Joined: 03 Nov 2003 Posts: 89 Location: The Sunshine State
Forever Wondering Posted: 11-06-03 00:04am
My name is marissa.
I am newly married and have two small
children, one of which is disabled.
I am battleing a major medical malpractice
lawsuit on behalf of my 7 1/2 month old
son. I am only 20 years old, and while
the world goes on around me, I sit here
alone, and afraid to walk out my front
door. I love my babies more than life
itself, but often I feel that they deserve
a better mother. A mother who does not
keep them shut in the house all day. A
mother who does not cry about everything.
A mother who can handle life.
I scare myself with my thoughts of death.

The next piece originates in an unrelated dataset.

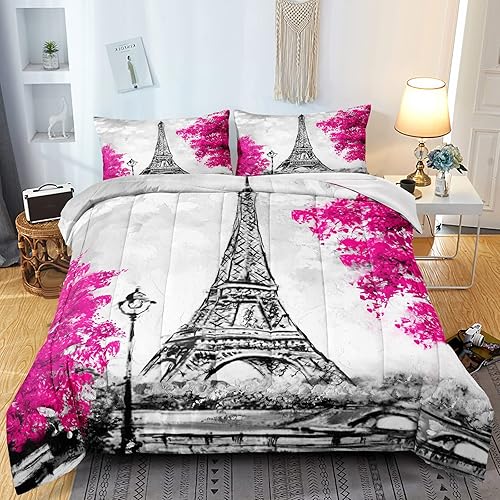 Miniatura 2 de Juego de edredón de la Torre Eiffel, tamaño matrimonial, juegos de ropa de cama de París para niñas, parejas, estilo Francia, París, Torre Eiffel,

I don't want to die, but every once in a
while, the thought crosses my mind. I
wasn't always like this. I used to be
beautiful, popular, a real "people
person." I fell crazy in love with my
oldest sons father. I left my home,
family, my life, and I moved away with
him. Soon I found myself alone. I guess,
in a weird way, I may have gotten pregnant
on purpose. I guess I thought that when
he was off cheating on me, I would always
have someone there to love me and want my
love in return. Eventually, both he and I
turned to drugs. At the time drugs made
the pain disapear. Along with the drugs
came the abuse. Day after day the both of
us took our rage out on each other. I
found out that I was pregnant, and quit it
all, cold turkey! Soon after, my
boyfriend went to prison. I never heard
from him again. When my son was about 5
months old, I moved in with a guy that has
proven to be my perfect match. We got
married and I got pregnant. We were
ecstatic. Finally, we had a family.
March 8 2003, my second child was born.
His birth has really traumatized me.
Because of that, I will never have another
child.
On top of that, he is profoundly deaf. It
hurts, my baby can't even hear a bird
sing. He also has severe seizures due to
cranial synostosis. ( that is where the
bones of the skull are prematurely fused
together, putting pressure on his brain.
He has no soft spot. That is part of what
made his delivery so hard.) he is also
disabled in other ways.Now my days are
filled with therapy for my baby via home
visits, out of town visits to the
children's hospital, and numerous other
appt's concerning my son. I have yet to
finish school. I guess what I am asking
is, " will it get better?" "will the pain
go away?""will I be able to look back on
this and say that it was not so bad?"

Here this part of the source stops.